> [Problem to solve]:
Pull out every line with the word "Poplin" from the entries below.

> [Working data]:
━━━━━━━━━━
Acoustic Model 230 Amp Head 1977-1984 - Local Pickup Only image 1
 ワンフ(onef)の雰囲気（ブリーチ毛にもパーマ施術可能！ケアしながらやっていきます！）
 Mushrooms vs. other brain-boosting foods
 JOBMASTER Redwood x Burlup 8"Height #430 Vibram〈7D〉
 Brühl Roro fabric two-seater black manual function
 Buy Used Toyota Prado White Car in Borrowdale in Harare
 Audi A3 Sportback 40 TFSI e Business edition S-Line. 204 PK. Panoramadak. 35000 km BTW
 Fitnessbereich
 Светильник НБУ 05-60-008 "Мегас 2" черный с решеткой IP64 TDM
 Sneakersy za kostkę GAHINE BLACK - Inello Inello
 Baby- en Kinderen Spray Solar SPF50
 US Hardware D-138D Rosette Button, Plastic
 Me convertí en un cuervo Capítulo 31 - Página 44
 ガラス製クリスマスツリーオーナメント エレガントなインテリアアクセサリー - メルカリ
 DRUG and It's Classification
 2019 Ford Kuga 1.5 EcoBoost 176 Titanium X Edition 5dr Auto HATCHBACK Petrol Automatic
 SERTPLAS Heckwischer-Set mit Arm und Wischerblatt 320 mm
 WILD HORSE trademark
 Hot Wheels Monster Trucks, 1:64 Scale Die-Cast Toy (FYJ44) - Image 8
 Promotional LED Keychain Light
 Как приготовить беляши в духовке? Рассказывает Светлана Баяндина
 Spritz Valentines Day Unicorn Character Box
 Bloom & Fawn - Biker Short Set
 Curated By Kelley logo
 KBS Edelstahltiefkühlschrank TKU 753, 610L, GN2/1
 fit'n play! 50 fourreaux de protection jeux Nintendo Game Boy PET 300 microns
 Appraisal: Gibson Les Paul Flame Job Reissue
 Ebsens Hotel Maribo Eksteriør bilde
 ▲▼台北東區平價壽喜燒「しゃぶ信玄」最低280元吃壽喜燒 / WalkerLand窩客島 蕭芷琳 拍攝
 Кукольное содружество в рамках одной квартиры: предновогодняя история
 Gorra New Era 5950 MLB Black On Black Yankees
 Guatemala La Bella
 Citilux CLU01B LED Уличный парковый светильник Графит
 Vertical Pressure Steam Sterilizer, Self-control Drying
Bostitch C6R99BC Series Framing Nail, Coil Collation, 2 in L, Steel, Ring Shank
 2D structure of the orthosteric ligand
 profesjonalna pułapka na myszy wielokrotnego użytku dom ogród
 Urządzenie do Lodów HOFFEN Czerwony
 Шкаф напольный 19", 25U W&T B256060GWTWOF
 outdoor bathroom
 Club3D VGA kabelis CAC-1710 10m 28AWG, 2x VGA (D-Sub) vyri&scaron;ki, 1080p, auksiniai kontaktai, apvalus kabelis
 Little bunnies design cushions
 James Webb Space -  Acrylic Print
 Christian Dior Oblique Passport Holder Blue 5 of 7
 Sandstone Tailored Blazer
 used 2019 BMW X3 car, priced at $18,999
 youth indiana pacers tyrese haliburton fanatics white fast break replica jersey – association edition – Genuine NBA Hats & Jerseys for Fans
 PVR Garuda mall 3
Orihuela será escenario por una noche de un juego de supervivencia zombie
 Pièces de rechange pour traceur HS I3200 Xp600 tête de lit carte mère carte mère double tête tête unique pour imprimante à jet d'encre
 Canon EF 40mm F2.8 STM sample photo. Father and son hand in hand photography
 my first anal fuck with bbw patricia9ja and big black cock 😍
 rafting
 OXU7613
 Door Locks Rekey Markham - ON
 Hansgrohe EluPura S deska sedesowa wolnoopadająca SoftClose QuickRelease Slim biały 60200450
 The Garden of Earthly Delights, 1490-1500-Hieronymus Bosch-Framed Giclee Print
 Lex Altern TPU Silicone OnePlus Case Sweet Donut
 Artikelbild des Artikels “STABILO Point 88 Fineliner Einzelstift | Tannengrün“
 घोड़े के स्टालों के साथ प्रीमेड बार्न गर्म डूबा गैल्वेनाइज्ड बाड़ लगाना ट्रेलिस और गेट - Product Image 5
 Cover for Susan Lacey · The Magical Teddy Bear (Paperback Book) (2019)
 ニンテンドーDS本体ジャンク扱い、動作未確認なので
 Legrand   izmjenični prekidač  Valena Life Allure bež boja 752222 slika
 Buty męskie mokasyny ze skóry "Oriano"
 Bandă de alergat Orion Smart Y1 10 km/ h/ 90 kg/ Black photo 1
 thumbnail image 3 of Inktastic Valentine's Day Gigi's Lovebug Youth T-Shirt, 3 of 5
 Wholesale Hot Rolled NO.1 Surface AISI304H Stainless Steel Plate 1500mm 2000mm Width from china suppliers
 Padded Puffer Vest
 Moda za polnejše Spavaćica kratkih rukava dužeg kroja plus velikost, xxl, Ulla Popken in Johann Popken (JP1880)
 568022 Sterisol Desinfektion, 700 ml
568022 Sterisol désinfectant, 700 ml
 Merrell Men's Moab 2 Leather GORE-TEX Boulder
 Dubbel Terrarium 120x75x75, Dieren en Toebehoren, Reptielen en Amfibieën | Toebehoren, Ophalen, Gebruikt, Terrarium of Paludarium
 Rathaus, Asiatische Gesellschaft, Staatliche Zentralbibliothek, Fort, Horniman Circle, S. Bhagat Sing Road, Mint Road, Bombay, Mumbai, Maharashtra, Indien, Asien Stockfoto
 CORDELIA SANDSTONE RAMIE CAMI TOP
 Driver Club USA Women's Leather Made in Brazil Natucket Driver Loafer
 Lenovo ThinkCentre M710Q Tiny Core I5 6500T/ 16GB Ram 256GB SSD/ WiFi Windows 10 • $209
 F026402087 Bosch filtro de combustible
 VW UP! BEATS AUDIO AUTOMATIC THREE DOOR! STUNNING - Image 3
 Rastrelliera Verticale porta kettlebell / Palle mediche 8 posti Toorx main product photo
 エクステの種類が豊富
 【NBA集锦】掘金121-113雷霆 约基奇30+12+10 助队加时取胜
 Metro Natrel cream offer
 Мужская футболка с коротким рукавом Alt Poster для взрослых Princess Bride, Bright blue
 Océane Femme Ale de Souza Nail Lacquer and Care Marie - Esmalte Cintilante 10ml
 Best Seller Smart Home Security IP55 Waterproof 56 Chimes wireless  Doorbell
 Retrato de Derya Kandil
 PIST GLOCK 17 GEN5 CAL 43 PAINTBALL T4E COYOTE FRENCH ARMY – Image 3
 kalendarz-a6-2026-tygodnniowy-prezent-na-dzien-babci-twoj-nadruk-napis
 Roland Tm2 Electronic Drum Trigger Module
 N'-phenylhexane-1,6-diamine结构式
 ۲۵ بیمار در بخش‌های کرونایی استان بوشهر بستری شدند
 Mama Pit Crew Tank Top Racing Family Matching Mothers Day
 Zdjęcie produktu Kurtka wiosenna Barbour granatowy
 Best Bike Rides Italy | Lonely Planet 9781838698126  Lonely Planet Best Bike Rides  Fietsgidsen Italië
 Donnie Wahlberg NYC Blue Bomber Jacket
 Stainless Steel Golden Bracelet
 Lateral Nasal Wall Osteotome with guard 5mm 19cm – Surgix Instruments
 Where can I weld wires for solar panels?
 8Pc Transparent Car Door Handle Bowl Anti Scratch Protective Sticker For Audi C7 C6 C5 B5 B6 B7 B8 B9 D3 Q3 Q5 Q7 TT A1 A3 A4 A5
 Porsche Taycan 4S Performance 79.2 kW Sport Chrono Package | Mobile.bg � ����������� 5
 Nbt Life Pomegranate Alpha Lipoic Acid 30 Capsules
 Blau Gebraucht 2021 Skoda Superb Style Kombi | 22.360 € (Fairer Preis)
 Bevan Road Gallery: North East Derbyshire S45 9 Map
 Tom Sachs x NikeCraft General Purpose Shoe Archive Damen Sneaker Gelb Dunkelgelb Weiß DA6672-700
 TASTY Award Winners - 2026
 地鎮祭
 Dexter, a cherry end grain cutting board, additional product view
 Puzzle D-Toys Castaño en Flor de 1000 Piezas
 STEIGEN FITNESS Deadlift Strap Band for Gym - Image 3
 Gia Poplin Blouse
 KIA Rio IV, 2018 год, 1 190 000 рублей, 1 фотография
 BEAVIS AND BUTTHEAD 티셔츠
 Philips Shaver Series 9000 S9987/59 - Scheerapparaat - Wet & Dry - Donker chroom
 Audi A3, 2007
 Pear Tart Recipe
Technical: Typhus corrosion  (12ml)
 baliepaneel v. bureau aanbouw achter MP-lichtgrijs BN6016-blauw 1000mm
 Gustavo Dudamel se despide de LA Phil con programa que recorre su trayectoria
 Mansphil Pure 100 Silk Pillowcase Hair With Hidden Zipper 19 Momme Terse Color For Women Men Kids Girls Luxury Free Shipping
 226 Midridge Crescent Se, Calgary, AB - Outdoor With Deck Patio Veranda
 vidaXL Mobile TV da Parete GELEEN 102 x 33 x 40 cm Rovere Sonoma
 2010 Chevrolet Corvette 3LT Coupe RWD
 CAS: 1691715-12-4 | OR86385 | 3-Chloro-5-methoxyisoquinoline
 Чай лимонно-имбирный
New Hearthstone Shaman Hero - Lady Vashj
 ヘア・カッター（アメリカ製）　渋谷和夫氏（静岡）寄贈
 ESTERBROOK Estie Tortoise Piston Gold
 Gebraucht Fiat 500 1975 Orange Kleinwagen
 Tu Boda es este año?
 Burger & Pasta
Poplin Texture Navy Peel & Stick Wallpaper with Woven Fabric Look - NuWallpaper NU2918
━━━━━━━━━━
> [Solution]:
 Gia Poplin Blouse
Poplin Texture Navy Peel & Stick Wallpaper with Woven Fabric Look - NuWallpaper NU2918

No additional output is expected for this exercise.